Reduce, Reuse, Recycle

I don’t know if you guys have listened to the song „3Rs“ by Jack Johnson. But when Wesley sent me those pictures it instantly came to my mind. Especially in times like that when global warming, pollution and the future of our beautiful planet are present on all media and everyone is talking and worrying about it.

Recently in Chinkonono people were spotted collecting metal scraps and carrying them to a place close to our PAF Center. Why? Well…for once our villagers are trying to keep the nature clean and preserve it. But of course it also turned out to be a new way of getting some extra income.

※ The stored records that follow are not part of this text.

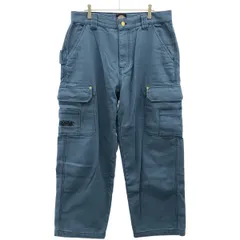 2025年最新】supreme cargo pant 32の人気アイテム - メルカリ
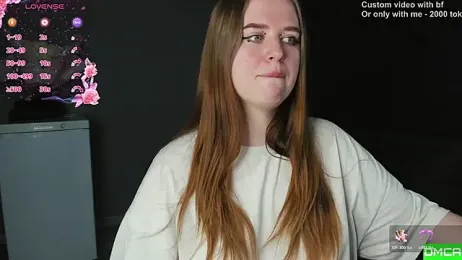 Robert_Lisa webcam model stream image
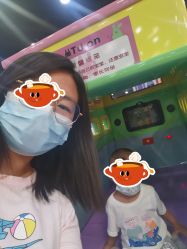 -哈尼兔儿童游戏乐园(沈阳大东龙之梦店)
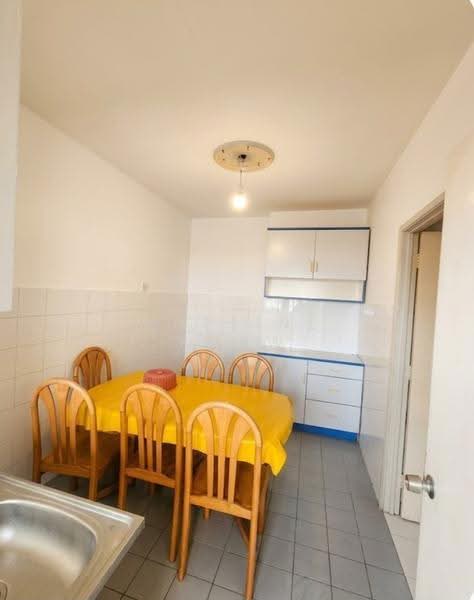 Condominium for Sale at Bam Villa - Adeline Khaw - Kitchen - PropertyGuru.com.my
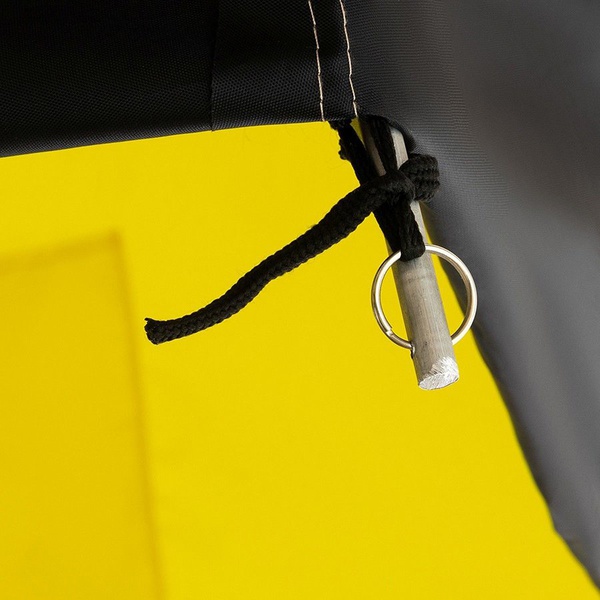 Палатка для зимней рыбалки Helios Nord-3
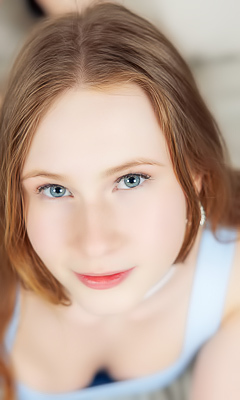 Lovely Holes Of Zuzanna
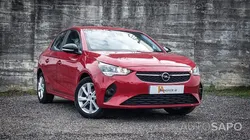 Opel Corsa 1.2 Elegance de 2020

We call it a „bend down business“ because you literally walk aroud, bend down and pick up different type of metal scraps (for example steel, silver, aluminium or copper). Those have to be carried tot he central collecting point close to PAF Center. More or less regularly a dealer comes to Chinkonono to buy the metal from the villagers. He then transports it to a steel plant where it will be recycled.

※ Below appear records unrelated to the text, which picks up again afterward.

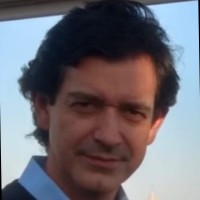 Jose Antonio Marquez Macías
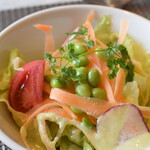 ビストロ セレニテ - 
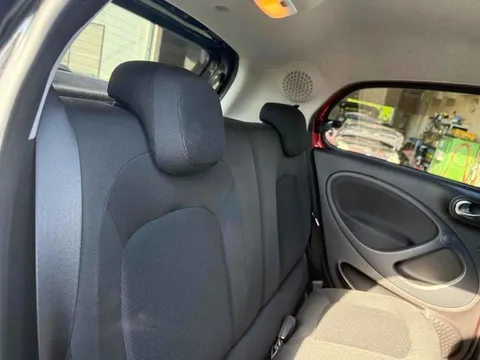 Smart For Four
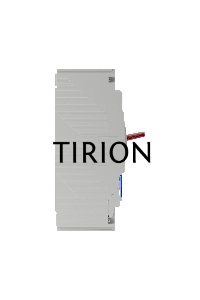 Выключатель автоматический MGS800 3P 640-800A 60kA YON MGS800S-3TAMF0800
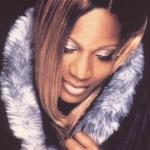 artist image Lutricia McNeal 365 Days Whatcha Been Doing
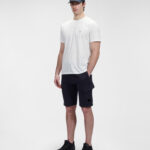 LIGHT FLEECE SHORTS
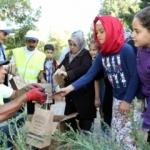 Büyükşehir Kurban Bayramı hazırlıklarını tamamladı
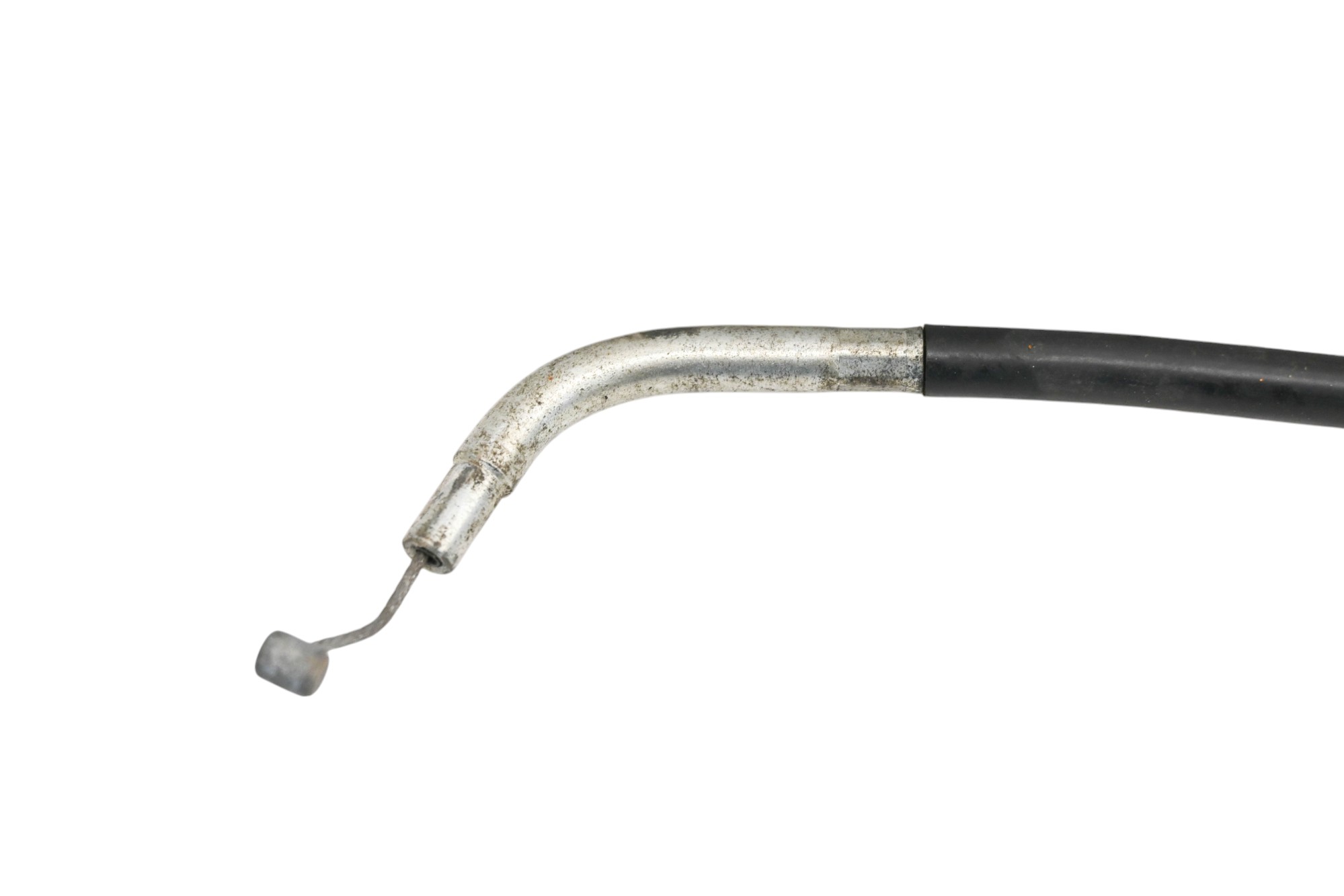 09 Kawasaki Ninja 250 Throttle Cable EX250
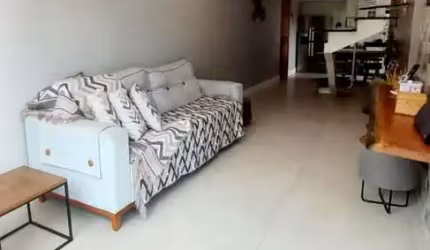 Cobertura Duplex MOBILIADA-Cond Reserva do Sahy- Mangaratiba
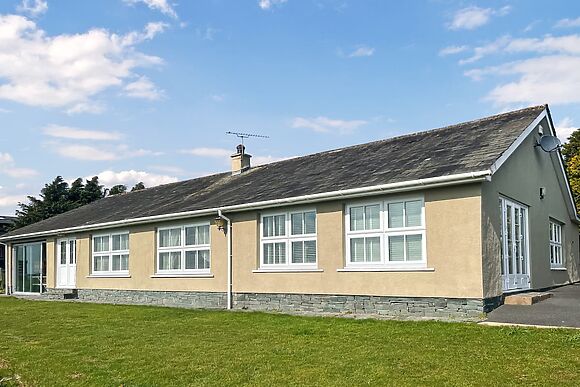 Violet Bank in Cockermouth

The scrap metal dealer going through the material

People, especially kids and women, come from Chinkonono and the surrounding villages. If available they use oxcarts to transport their collected metal. But more often they come to our PAF Center packed like donkeys with metal on their backs and in their hands.

Of course the amount of money they earn is just small. But it is enough to support families with food items, paying school fees or new clothes.

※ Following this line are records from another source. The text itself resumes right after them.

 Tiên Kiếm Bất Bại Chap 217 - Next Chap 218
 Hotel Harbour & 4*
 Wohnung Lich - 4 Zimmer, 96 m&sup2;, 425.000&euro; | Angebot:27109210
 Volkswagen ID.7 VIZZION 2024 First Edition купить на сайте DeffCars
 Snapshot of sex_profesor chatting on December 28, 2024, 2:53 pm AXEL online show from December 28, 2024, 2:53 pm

Just look at those 4 kids: Timmy, Mike, Richard and Judy made it a competition to collect as much metal as possible. And as kids are they find the fun side in everything. And it was worth it: fritters, biscuits and sweets could be purchased and the wedding nearby was their next stop 😉

The Things you do for some Sweets 😉


Dunka on the other hand took it more seriously. He planst o buy a female goat and, as school opens again soon, a new school uniform and stationary items for school.

Dunka has big plans


Mama Cosam and her daughter Mutinta want to buy a gallon of maize to feed the family, salt and washing soap.

Mama Cosam and Mutinta


So you see…things are moving the right way in Chinkonono and the surrounding villages. The fact that our villagers can get some extra money for preserving the environment by recycling old metal is just amazing.

Reduce, Reuse, Recycle

Did you hear the cow bells?

Ever wondered how we work metal in the village? Well…meet Marvin.

Manual work

Marvin is 40 years old and has no education. But he certainly knows his way around and how to make a living as the welder in Chinkonono.

Quite a handy guy

He constructed his own tools that he works manually, using old bicycle parts as the „engine“.

Together with another young man who works with a diesel generator Marvin works as the welder and makes cow bells, hoes, axes and plough parts, just to mention a few.

I mean…how else could we have our bicycles fixed?


Did you hear the cow bells?

Goats all over the place

Wesley always has his focus on PAF and new ideas and projects we could start. Recently he attended a workshop on goat breeding and production. Well, „production“ sounds a bit rude. But this workshop was organized by the Zambian government through the ministries of livestock and agriculture because they plan to open the export of goats to countries of the middle east.

Apparently goat breeding is very easy and quick in Zambia, so goats seem to be on the market a lot. Those workshops were offered at many places to educate people about how to raise the goats and then sell them in Zambia or outside the country. At the workshop people were taught how to keep the goats and thus make them marketable. To quote Wesley: „A good breed is the number one.“

Feeding the goats

Of course the business side is only one aspect why I decided to write this post. Inspired by Mama Teddy who raised three orphans using goat milk, Wesley started to look more into it and gathered more information.

Goat milk is very nutritious, especially for little children. As Wesley says „A goat is an orphanage on its own“. What he means is that you can use the milk to feed kids, even or especially if they are underweight. Just a small cup of milk can feed a child for one day.

Goats cover a big part of the meat demand in Zambia, especially in rural areas such as Chinkonono. And of course you can also cook delicious meals of goat meat. 😉

Goats are easy to breed. They adjust to basically every kind of environment and conditions. Even in the dry regions of rural Zambia goats will find food and a little water. They don’t need big enclosures and are very resistant to diseases. Since they reproduce up to three times a year with each a litter of 5 to 6 kids most villagers nowadays try to keep goats.

Look at them 🐐

Goats have become some kind of informal currency. Of course you can just sell them and use the money to pay for your children’s school fees etc. Even people from neighbouring countries come to Zambia to buy them because of their meat. But in some hunger-stricken areas they are being exchanged and traded for maize, millet, sorghum, groundnuts or even mealie meal (maize flour).

And last but not least: The goats‘ dung can be used as a very fertile manure on fields and in gardens. Now that the price for fertilizer has risen so much, having 10 to 15 goats, a farmer could easily get up to 100kg of manure. Basically for free.

Who would have guessed how important they are?

So you see…if you start looking around with an open mind, as Wesley is always doing, you will find ways to make life easier just around the corner. I’d say: Get yourself a goat or two! 😉

And be sure that Wesley will share his new knowledge and spread the word to help the community.